Despertaba entre sabanas empapadas en lágrimas de la
noche anterior, no recordaba si eran de alegría o de tristeza. Abría las
ventanas para que el sol acariciara su rostro y el viento besara su piel. Iba a
la cocina con prisa, pues siempre que levantaba de la cama tenia sed de sus
palabras y hambre de su risa. Esperaba verla con una camisa puesta como cada
mañana y besaría su cuello al mismo tiempo que cogería el café con la mano
derecha. El sol se reflejaría en su tez, un fuerte aroma a café envolvería la
habitación y el sonido de los pájaros retozaría en los rincones del lugar.

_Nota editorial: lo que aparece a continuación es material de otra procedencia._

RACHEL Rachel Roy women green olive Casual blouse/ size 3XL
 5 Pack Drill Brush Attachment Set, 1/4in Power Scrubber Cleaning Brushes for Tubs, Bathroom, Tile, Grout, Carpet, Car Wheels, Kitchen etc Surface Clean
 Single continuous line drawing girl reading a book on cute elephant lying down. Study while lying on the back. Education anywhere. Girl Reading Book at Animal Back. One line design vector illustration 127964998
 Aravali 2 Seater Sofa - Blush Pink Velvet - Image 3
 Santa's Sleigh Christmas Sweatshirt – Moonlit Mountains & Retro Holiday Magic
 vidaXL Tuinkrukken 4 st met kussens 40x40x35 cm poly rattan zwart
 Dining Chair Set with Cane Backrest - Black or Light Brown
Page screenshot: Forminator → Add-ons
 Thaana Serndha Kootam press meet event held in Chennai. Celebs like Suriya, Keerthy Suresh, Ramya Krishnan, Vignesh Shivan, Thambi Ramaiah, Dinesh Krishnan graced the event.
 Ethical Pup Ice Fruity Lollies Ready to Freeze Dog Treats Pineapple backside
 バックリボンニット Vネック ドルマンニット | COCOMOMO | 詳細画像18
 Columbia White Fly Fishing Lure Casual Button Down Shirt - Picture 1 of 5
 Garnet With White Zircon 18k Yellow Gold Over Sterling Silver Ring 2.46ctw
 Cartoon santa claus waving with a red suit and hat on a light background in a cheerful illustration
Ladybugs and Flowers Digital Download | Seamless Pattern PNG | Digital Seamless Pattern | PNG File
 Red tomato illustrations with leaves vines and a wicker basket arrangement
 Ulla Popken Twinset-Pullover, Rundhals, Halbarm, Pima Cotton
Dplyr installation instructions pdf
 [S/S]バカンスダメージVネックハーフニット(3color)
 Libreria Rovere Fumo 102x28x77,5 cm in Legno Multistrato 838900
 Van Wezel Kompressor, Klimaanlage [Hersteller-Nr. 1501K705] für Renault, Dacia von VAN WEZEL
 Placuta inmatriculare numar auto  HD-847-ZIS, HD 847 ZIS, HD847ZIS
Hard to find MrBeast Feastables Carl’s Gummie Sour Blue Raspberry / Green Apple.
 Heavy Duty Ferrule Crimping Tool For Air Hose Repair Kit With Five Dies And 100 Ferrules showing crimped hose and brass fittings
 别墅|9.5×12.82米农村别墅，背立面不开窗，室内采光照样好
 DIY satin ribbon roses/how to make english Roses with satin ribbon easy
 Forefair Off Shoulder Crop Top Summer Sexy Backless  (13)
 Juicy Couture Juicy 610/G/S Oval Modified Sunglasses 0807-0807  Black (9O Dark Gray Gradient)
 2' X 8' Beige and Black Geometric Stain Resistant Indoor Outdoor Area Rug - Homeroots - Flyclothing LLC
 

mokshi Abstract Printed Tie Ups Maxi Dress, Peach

Sentado en su escritorio sacaba una pequeña libreta
de cuero marrón y su estilógrafo de plata preferido, empezaría a recorrer su
interior en busca de una historia que escribir, un cuento para contar, una
película que mostrar. Podía elegir al protagonista que quisiera, desde alguien
inventado a sí mismo o a ella también. Tenía hasta la caída del sol para
terminar como todos los días. La luz del mismo le acompañaba en sus aventuras
diarias, la utilizaría de guía para no perderse, para no volverse loco, para no
rendirse.
A la puesta del sol la escucharía entrar por la puerta,
le abrazaría y la besaría para después dirigirse a la cocina. Sacaba dos copas
de vino y después de brindar contaría que tal fue su día, mientras, estaría
embobado mirando sus labios y oyendo su risa. Esa risa que inspiró miles de
historias de desamor a la vez que de pasión. La misma pasión con la que
disfrutaría antes de dormir abrazado a ella, mientras a su alrededor se olería
el fresco perfume de las rosas de su mesilla. Las rosas que imitarían tanto su
olor que parecería que nunca se fue de aquella casa.
Nunca imaginaria todo lo que le ocurrió con ella,
deseaba despertar un día como si nada hubiera pasado para poder repetir todo
con ella, incluso los buenos momentos. Recordaría los malos momentos con
ternura y dicha, pues al discutir lanzaba las más afiladas palabras que podían
imaginarse. Todo ello con la esperanza de poder reconquistarla y nunca sabía si
lo conseguía.
Acababa siempre mirando al sol por la misma ventana
de siempre, veía como se despedía riéndose y al rato se vería a la hermosa
perla blanca ocupando su lugar. Cerraba la ventana al mismo tiempo que empezaba
a llorar, no sabía si era de tristeza o de alegría pero daba igual, pues estaba
ella. Apagaba la luz y me acostaba a su lado con una tímida sonrisa en la cara
y unas atrevidas lágrimas en el rostro.